Perhaps one thinks of the haunting figure of Henry Fonda from the movie version of “On Golden Pond.” His portrayal was unique in that he played opposite his own daughter, Jane Fonda, and they had issues in their real-life relationship like those portrayed in the film.
That image endeared the film, but it gave the work a more sentimental, melodramatic tilt. It took a 2005 revival in New York City with James Earl Jones to break through the tears and turn the play into something more substantive – as intended by the playwright. This was achieved with a mostly Afro-American cast and with playwright Thompson slightly revising his script for that, although specific black culture references were not the substance of those changes.
Dramaworks follows with a multicultural cast of actors, featuring the retired university professor Norman, his devoted wife Esther and their daughter, Chelsea, who has that tenuous, remote relationship with her father.
The heart of the play is about aging and its attendant tribulations, physical and mental, as well as finding ways to reconcile relationships. This is especially difficult for an accomplished university professor such as Norman, about to become an octogenarian. In the shadows are the discord and the resulting estrangement with his only child that stealthily built up over the years.

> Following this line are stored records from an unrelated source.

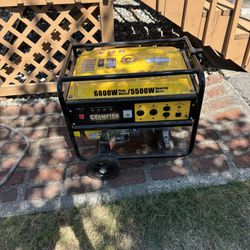 Champion Generator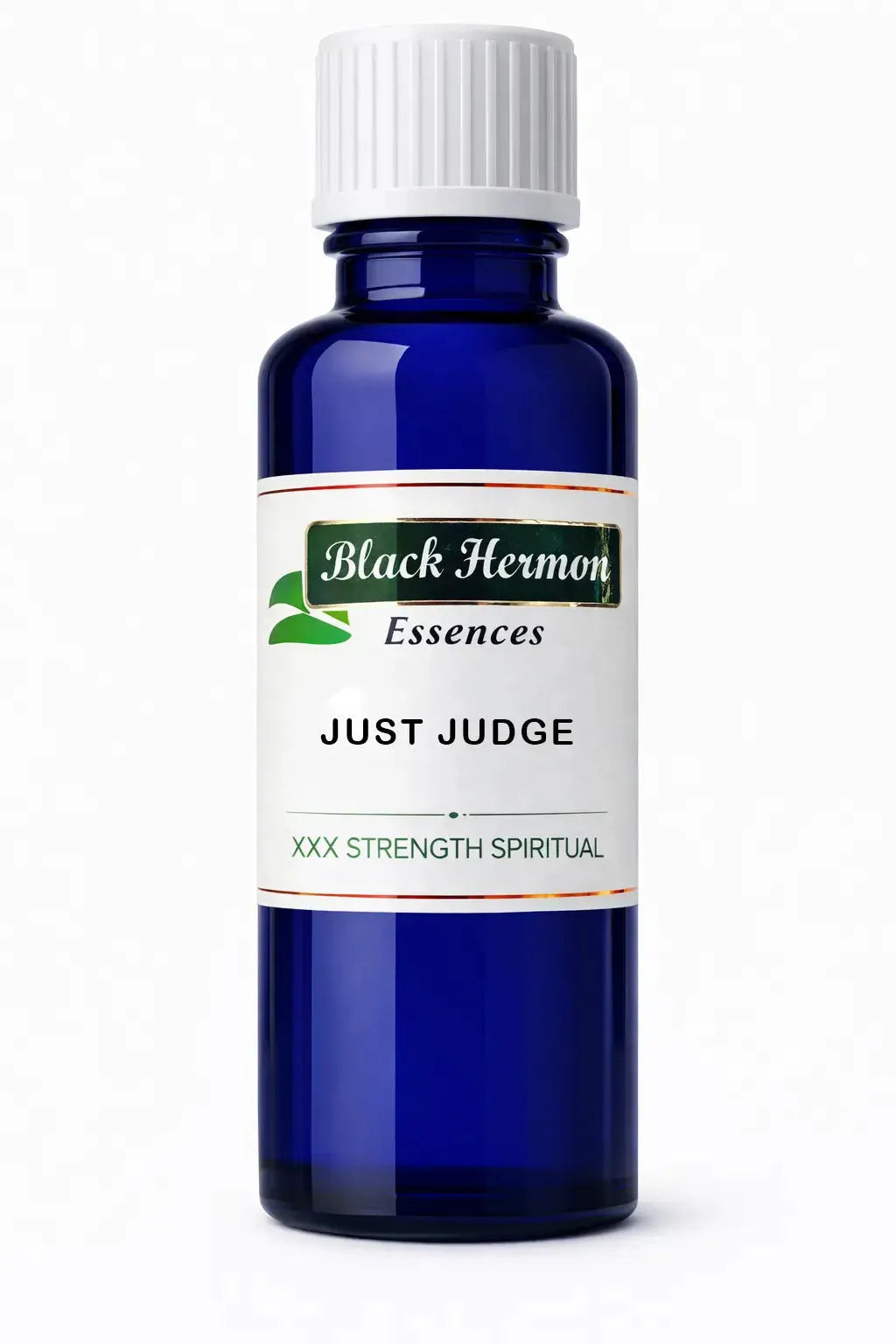Just Judge Oil (BH) Black Hermon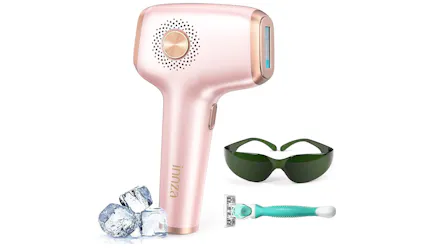 Laser Hair Removal Device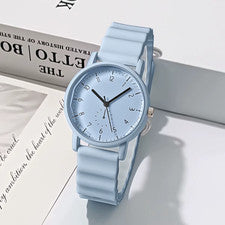 Reloj Pulsera Estilo Deportivo Informal Damas - Varios Colores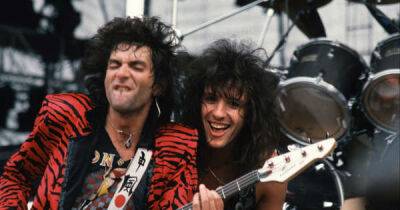 David Bryan - Richie Sambora - Bon Jovi's founding member Alec John Such dies aged 70 - msn.com - New York - New Jersey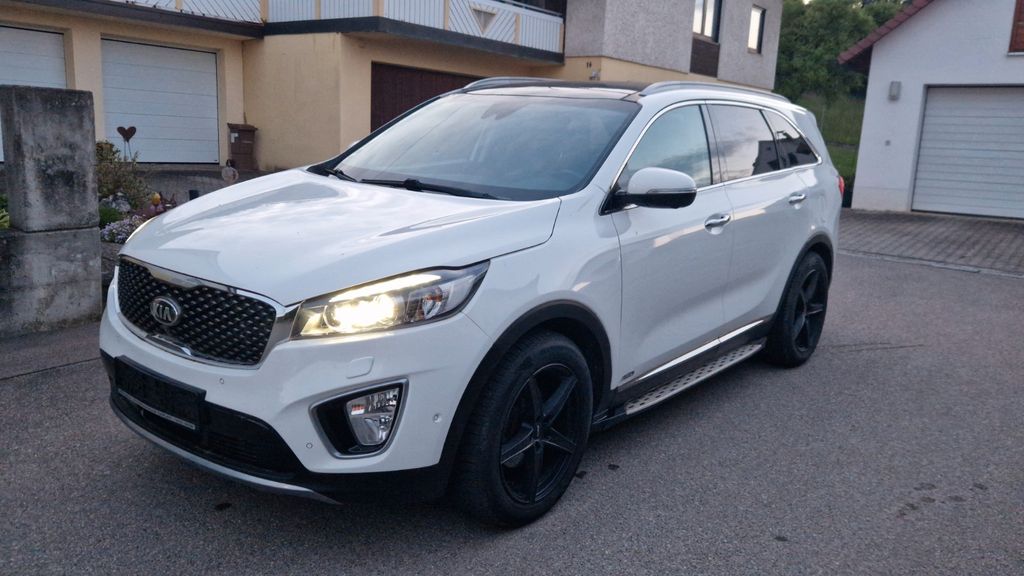 Kia Sorento 92.000 km 13.499 &euro; Offingen 89362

It takes the catalyst of something Norman never had in his life, the unexpected introduction of a 13-year-old boy who comes with Chelsea and her fiancé, Bill Ray, for a stay at the cabin that 48th year. Billy, Bill Ray’s son from his first marriage, is a handful but he and Norman unpredictably bond. It catapults the play to a heartwarming denouement.
According to William Hayes, Dramaworks’ producing artistic director, the play is not about race, it’s about human beings.
“It reminds us what we have in common, not our differences. I felt our audience would appreciate comfort for the soul and this play answers that longing,” says Hayes.
Director Paul Stancato says the themes in the play are universal: aging, relationships with adult children and grandparents.
“The playwright deals with them head on. I’ve set the play in 1988, perhaps a more accepting world than when the play was first produced ten years earlier, but before the ubiquity of Internet distractions,” says Stancato. “It’s only about being human which matters. Audiences will let the color go immediately and see the people. The millennial generation is also represented in this play and so it works the other way too, they adjusting to grandparents.”
Karen Stephens, who plays Chelsea, had never read the play before she was called for the part and immediately loved the humor and universality of family.
“The play is different from the film, which given that medium needed a more developed background,” Stephens says.
She recommends throwing out preconceived notions based on the film. “Instead, be captivated by the original. In fact, the playwright himself advises against sentimentality. There is so much humor in the play that it opens you up to pathos.”
Stephens says that the biggest challenge in playing Chelsea is to manifest the resentment the character feels and at the same time not being seen negatively. “It’s about striking a delicate balance.”
Pat Bowie, who was so deeply affecting in her portrayal as the matriarch in Dramaworks’ “A Raisin in the Sun” in 2013, now plays the devoted Ethel.
One of her favorite parts of the production is when they leave the house for the summer, her character noting “the loons have come to say goodbye.” And when she asks Chelsea, who is so much like her father, “You are such a nice person – can’t you think of something nice to say to your father?”
“In effect, this plants the seeds of reconciliation,” says Bowie,
The other actors in the play are also Dramaworks veterans, John Felix as Norman; Jim Ballard as Bill Ray; Paul Tei as Charlie, a local who has long loved Chelsea; and Casey Butler as Billy.
Scenic design is by Bill Clark, in his Dramaworks debut, costume design is by Brian O’Keefe, lighting design is by Donald Edmund Thomas, and sound design is by Brad Pawlak.